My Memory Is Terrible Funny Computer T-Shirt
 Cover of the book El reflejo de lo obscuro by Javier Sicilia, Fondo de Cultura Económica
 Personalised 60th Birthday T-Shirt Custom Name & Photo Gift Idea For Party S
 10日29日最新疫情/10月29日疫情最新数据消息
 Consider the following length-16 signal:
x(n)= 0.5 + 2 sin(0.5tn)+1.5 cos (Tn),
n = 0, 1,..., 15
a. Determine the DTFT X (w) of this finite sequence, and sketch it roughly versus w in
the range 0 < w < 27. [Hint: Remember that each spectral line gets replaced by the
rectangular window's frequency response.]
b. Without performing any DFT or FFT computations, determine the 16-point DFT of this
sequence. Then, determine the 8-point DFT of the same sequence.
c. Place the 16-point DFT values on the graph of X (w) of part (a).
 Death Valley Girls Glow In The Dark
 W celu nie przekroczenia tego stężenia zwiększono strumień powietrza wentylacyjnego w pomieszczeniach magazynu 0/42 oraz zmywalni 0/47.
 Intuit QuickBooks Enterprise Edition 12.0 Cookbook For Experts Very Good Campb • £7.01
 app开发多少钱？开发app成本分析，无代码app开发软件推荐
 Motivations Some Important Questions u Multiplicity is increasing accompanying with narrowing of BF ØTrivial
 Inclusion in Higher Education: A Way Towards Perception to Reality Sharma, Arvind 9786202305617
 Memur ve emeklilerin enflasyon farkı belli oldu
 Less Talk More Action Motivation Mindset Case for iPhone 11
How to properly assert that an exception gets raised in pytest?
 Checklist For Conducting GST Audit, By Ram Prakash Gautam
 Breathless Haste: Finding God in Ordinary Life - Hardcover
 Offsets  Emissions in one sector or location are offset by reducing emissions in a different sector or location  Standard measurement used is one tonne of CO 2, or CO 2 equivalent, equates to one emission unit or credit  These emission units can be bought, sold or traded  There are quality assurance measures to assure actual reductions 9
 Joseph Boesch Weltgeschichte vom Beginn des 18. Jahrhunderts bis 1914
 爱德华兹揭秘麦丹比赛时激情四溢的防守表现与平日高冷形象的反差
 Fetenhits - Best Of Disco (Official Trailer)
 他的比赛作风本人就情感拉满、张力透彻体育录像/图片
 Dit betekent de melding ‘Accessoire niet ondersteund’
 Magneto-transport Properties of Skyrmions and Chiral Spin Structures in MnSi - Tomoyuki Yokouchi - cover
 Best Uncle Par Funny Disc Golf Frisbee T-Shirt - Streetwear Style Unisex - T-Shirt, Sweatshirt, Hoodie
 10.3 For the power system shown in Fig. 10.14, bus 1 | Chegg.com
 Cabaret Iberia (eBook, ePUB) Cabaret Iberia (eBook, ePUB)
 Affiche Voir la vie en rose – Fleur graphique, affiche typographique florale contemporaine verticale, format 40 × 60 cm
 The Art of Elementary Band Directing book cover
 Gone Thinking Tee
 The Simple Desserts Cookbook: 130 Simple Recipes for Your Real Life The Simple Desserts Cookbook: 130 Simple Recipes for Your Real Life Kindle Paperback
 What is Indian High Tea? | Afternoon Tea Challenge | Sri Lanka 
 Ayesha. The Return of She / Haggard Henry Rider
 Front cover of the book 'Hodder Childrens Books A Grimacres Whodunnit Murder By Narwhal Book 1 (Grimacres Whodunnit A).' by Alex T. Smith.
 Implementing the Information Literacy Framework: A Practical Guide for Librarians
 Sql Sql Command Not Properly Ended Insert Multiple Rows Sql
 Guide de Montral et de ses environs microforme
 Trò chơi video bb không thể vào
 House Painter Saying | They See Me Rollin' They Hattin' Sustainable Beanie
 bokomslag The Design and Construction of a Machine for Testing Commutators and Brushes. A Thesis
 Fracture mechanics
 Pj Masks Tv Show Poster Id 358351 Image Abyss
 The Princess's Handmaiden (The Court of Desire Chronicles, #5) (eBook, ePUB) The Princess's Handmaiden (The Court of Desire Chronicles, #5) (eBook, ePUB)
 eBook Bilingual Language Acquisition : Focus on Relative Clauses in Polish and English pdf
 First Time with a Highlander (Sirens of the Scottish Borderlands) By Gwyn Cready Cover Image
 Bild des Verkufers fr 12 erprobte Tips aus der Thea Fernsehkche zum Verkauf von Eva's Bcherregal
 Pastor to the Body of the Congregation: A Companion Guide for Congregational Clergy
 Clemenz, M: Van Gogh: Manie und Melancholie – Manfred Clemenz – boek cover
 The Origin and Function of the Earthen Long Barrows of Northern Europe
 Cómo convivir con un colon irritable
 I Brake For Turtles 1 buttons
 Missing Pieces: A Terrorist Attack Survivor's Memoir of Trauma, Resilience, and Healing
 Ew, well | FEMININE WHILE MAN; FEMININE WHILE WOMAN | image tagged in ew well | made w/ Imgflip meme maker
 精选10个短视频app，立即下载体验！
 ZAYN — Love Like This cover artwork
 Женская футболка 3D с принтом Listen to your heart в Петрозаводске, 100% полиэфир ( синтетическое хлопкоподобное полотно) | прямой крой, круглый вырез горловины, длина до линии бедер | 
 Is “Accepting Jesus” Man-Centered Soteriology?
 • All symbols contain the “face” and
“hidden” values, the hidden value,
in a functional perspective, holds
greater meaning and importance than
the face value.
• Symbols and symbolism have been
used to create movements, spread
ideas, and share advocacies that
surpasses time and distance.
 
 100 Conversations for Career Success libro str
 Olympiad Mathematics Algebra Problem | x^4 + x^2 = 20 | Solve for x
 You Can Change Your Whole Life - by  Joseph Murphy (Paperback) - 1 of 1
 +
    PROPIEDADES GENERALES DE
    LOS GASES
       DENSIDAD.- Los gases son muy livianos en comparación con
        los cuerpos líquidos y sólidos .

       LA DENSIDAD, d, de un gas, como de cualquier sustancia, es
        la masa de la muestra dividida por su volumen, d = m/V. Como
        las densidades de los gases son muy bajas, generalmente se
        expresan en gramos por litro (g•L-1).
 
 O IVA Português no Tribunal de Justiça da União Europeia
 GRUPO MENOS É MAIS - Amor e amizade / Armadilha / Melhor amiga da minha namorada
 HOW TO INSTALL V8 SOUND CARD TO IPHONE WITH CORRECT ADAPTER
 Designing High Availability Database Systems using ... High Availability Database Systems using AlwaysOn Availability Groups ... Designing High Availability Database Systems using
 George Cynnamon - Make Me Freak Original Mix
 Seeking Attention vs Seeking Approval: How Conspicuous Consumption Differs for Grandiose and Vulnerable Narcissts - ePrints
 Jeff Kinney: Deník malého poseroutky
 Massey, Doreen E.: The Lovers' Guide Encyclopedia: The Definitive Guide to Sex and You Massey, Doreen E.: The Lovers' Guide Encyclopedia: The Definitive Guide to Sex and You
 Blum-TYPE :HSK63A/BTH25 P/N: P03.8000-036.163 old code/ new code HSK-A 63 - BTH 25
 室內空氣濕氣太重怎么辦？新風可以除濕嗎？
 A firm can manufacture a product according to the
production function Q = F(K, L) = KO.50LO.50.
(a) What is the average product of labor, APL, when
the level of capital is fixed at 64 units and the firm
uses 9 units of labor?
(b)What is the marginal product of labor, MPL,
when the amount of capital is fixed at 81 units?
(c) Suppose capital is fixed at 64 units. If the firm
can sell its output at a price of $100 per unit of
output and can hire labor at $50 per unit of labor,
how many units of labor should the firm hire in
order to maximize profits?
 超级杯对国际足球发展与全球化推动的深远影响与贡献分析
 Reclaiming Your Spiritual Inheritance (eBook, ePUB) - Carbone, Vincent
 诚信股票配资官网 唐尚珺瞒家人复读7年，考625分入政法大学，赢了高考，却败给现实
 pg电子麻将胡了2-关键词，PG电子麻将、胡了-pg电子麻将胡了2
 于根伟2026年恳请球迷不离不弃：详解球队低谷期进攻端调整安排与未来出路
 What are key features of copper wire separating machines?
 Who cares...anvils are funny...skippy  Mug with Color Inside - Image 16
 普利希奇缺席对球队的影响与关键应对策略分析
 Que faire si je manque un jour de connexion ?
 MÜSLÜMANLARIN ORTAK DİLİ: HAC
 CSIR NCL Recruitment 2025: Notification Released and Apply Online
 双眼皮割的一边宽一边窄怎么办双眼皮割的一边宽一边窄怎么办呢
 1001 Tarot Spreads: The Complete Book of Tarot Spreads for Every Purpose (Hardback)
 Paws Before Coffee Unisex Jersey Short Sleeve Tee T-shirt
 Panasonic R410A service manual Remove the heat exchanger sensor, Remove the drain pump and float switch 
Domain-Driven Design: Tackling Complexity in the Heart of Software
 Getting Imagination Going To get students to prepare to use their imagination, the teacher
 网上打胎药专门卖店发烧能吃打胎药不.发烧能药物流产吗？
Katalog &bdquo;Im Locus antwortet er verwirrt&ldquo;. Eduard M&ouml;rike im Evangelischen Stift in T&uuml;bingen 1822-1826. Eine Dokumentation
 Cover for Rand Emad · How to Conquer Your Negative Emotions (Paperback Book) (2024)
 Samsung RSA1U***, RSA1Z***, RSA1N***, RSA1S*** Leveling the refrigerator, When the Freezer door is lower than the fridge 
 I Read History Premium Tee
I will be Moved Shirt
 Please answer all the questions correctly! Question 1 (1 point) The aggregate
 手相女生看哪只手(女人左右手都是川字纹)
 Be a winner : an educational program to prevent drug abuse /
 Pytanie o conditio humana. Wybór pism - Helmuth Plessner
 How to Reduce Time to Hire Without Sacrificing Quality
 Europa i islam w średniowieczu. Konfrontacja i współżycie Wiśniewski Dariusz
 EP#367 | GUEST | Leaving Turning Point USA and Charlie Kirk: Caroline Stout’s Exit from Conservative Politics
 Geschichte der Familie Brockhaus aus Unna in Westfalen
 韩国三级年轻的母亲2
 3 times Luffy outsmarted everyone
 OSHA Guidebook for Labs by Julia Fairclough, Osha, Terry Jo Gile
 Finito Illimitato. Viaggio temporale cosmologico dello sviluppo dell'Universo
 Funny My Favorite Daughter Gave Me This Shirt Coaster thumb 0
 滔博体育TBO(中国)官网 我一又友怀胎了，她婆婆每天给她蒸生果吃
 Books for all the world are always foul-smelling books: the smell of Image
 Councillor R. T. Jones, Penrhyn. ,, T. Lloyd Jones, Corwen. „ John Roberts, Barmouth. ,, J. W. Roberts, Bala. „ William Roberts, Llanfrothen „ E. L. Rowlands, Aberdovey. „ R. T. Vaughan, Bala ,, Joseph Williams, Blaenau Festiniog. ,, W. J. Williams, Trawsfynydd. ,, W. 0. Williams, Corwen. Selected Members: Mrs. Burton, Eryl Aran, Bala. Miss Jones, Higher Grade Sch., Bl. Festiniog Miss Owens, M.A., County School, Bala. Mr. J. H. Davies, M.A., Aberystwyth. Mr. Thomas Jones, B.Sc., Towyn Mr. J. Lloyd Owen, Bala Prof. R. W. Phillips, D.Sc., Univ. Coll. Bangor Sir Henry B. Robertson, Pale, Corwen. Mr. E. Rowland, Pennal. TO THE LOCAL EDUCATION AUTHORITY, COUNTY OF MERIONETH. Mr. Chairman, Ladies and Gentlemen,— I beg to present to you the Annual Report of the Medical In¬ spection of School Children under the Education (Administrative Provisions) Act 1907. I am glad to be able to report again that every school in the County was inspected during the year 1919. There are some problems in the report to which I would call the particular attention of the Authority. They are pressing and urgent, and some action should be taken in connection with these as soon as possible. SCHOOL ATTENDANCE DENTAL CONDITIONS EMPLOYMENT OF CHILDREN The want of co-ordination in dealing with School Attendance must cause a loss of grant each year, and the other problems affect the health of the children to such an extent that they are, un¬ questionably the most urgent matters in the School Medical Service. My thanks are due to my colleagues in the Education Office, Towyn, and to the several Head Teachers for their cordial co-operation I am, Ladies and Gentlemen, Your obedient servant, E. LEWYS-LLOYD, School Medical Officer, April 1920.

[Task to complete]
Look above for the line with "Be a winner" and the line with "Books for all". Write out those two lines and all the lines between them, exactly, and no others.

[Solution for this problem]
 Be a winner : an educational program to prevent drug abuse /
 Pytanie o conditio humana. Wybór pism - Helmuth Plessner
 How to Reduce Time to Hire Without Sacrificing Quality
 Europa i islam w średniowieczu. Konfrontacja i współżycie Wiśniewski Dariusz
 EP#367 | GUEST | Leaving Turning Point USA and Charlie Kirk: Caroline Stout’s Exit from Conservative Politics
 Geschichte der Familie Brockhaus aus Unna in Westfalen
 韩国三级年轻的母亲2
 3 times Luffy outsmarted everyone
 OSHA Guidebook for Labs by Julia Fairclough, Osha, Terry Jo Gile
 Finito Illimitato. Viaggio temporale cosmologico dello sviluppo dell'Universo
 Funny My Favorite Daughter Gave Me This Shirt Coaster thumb 0
 滔博体育TBO(中国)官网 我一又友怀胎了，她婆婆每天给她蒸生果吃
 Books for all the world are always foul-smelling books: the smell of Image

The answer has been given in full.